Personal information
- Nationality: Northern Irish
- Born: Donna McNally 2 September 1972 (age 53) Dundonald, Northern Ireland

Sport
- Sport: Lawn bowls
- Club: Ballymena BC Comber BC

Medal record
Lawn bowls
Representing combined Ireland
World Outdoor Championships
| Bronze medal – third place | 2008 Christchurch | Fours |
Atlantic Bowls Championships
| Gold medal – first place | 1999 Cape Town | triples |
| Bronze medal – third place | 2005 Bangor | fours |
Irish Nationals
| Gold medal – first place | 2000 | pairs |
| Gold medal – first place | 2012 | fours |
| Gold medal – first place | 2022 | triples |

= Donna McNally =

Northern Irish lawn bowler

Donna McCloy ( Donna McNally; born 2 September 1972) is a Northern Irish international lawn bowler.

== Bowls career ==
=== International ===
McNally won the triples gold medal at the 1999 Atlantic Bowls Championships with Margaret Johnston and Dorothy Kane. Six years later she won the fours bronze medal at the 2005 Atlantic Championships.

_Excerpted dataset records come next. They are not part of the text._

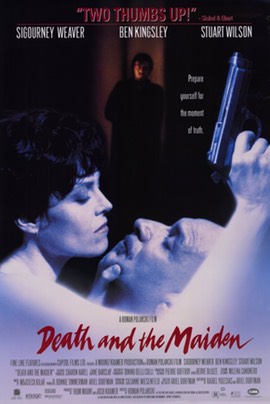 death-and-the-maiden-movie-poster-1994-1020190613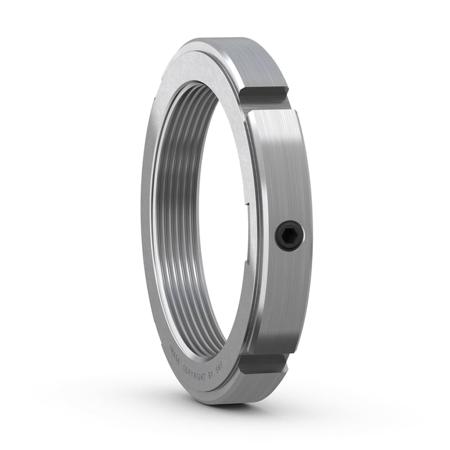 FRB-3-5-72 SKF FRB 3.5/72 Locating Ring -, 64mm ID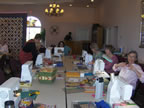 Quilt Camp 18 6 10 08.jpg (111kb)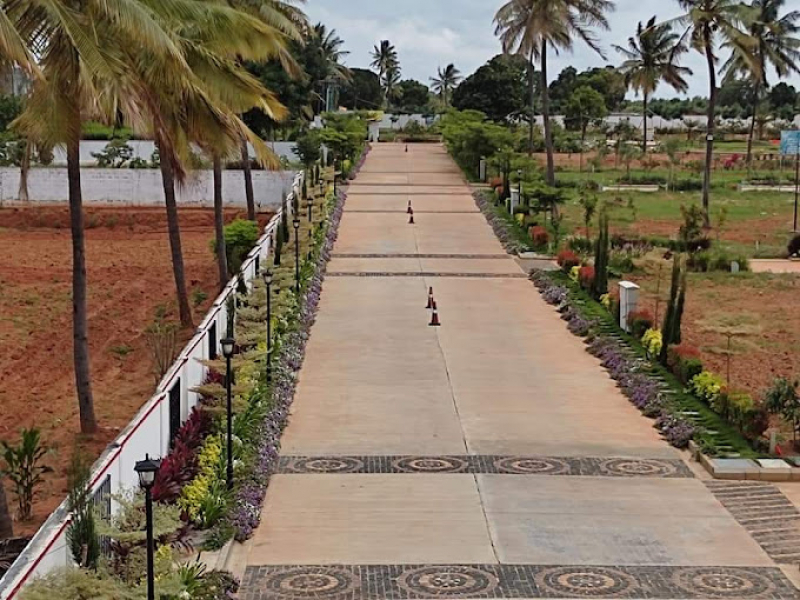 Saikam Aananda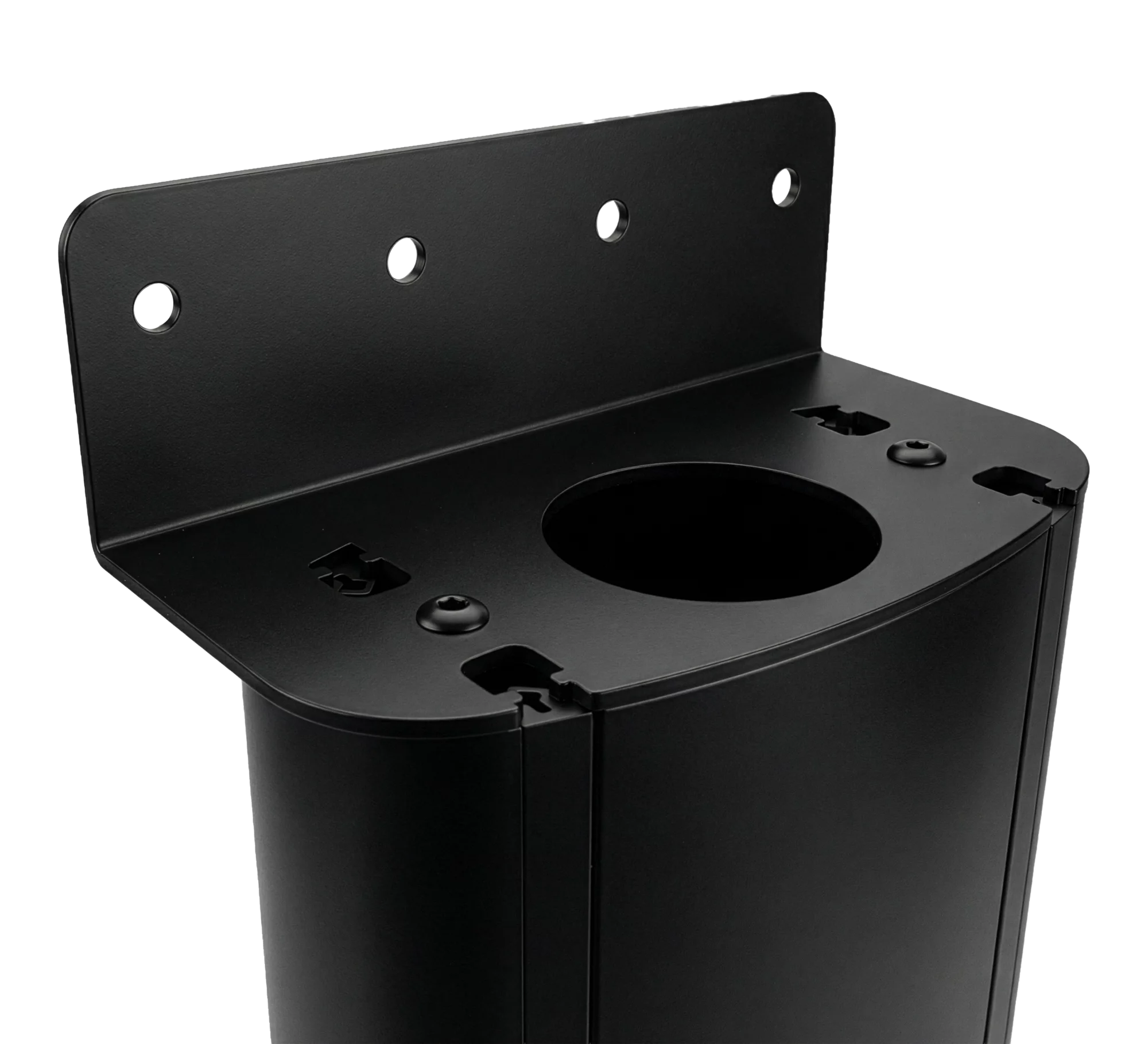 BT8701-B-8.png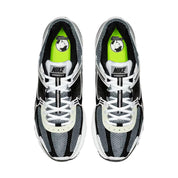 Men's Nike Zoom Vomero 5 SE SP Dark Grey / Black - White - Sail CI1694-001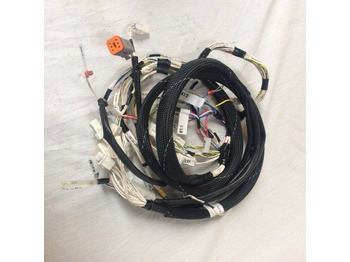 Cables/ Wire harness CATERPILLAR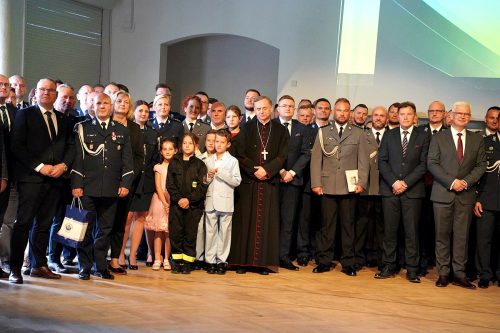 Swieto Policji2026190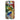 Abstract Art-inspired Phone Case Vibrant Colorful Brushstrokes Geometric Vasily Kandinsky Art, Featuring Kandinsky’s Painting, Pocket-sized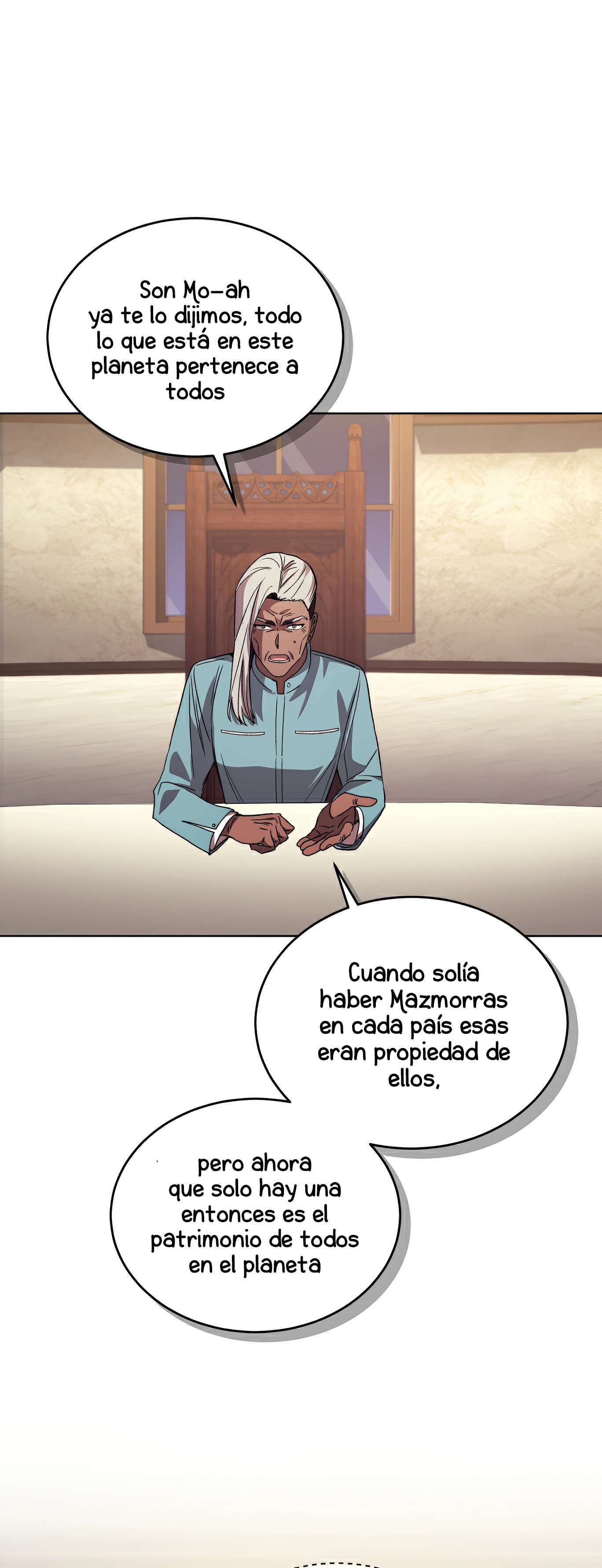 Capitulo 99 page 38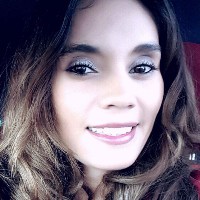 Karina Juarez Valenzuela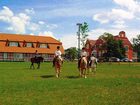 фото отеля Schloss Herrenstein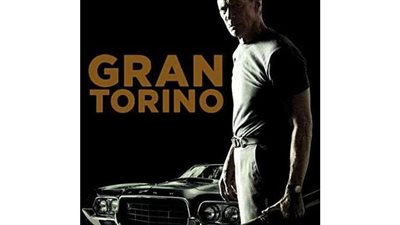 قصر ثقافة السينما يعرض الفيلم الأمريكي 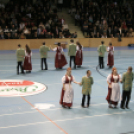 Refis Szalagavató - 2018 - Pápa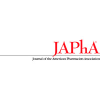 Japha.org logo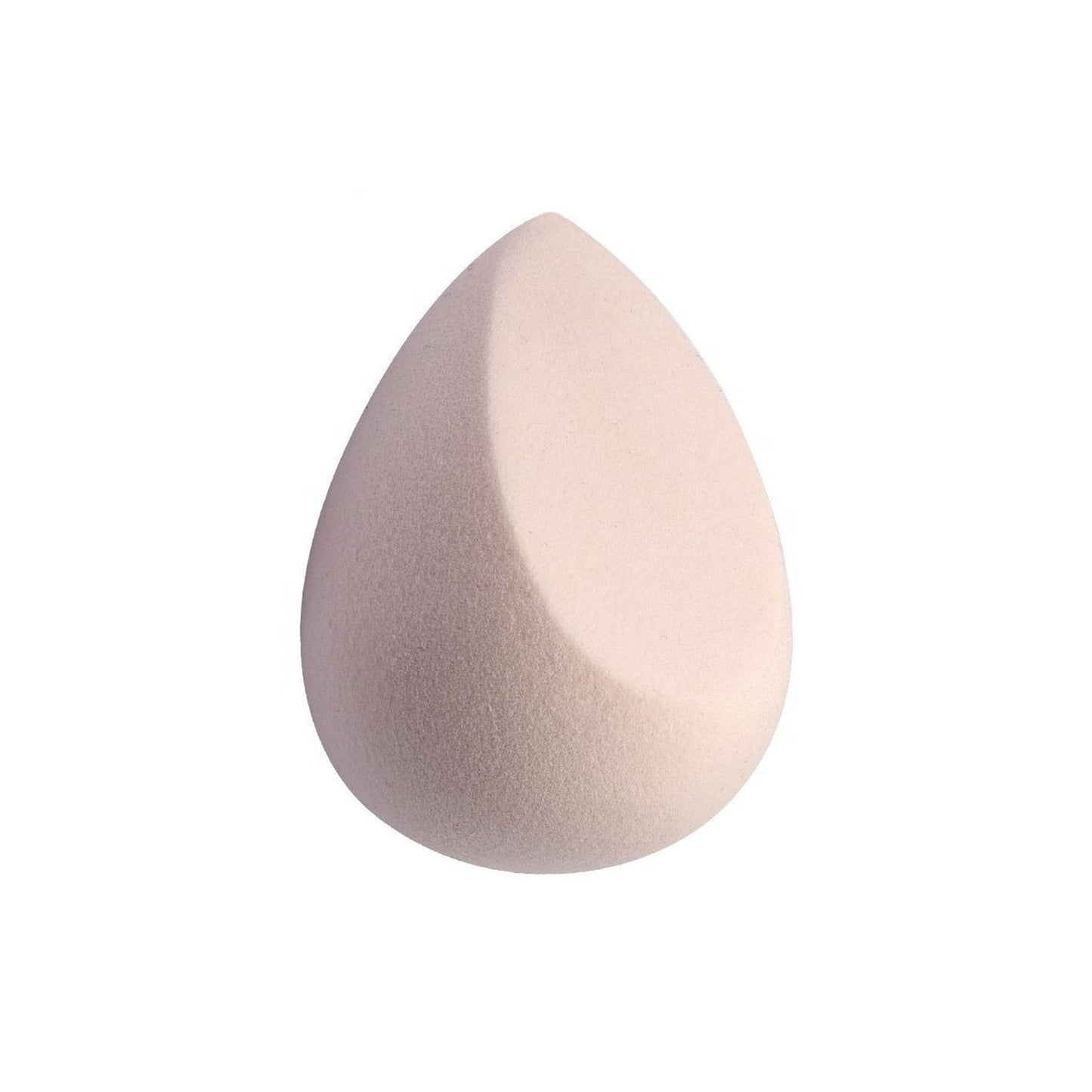 PAC Studio 2D Beauty Blender Sponge - Distacart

She then won the bronze medal in the fours at the 2008 World Outdoor Bowls Championship in Christchurch.

After taking part in the 2010 Commonwealth Games and the 2014 Commonwealth Games she was selected as part of the Northern Ireland team for the 2018 Commonwealth Games on the Gold Coast in Queensland.

=== National ===
McNally won the 2000 pairs title at the Irish National Bowls Championships, bowling for the Comber Club. Twelve years later she won the 2012 fours title at the National Championships bowling for the Ballymena Bowls Club.

In 2016, McCloy won the finals in both the pairs and fours of the Provincial Towns Women's Bowling Association Championships. In 2022, she won a third national title after winning the triples.

== Personal life ==
She is married to fellow Irish international bowler Gary McCloy and they run the Ballybrakes bowls shop within the Ballybrakes Community Bowls Club.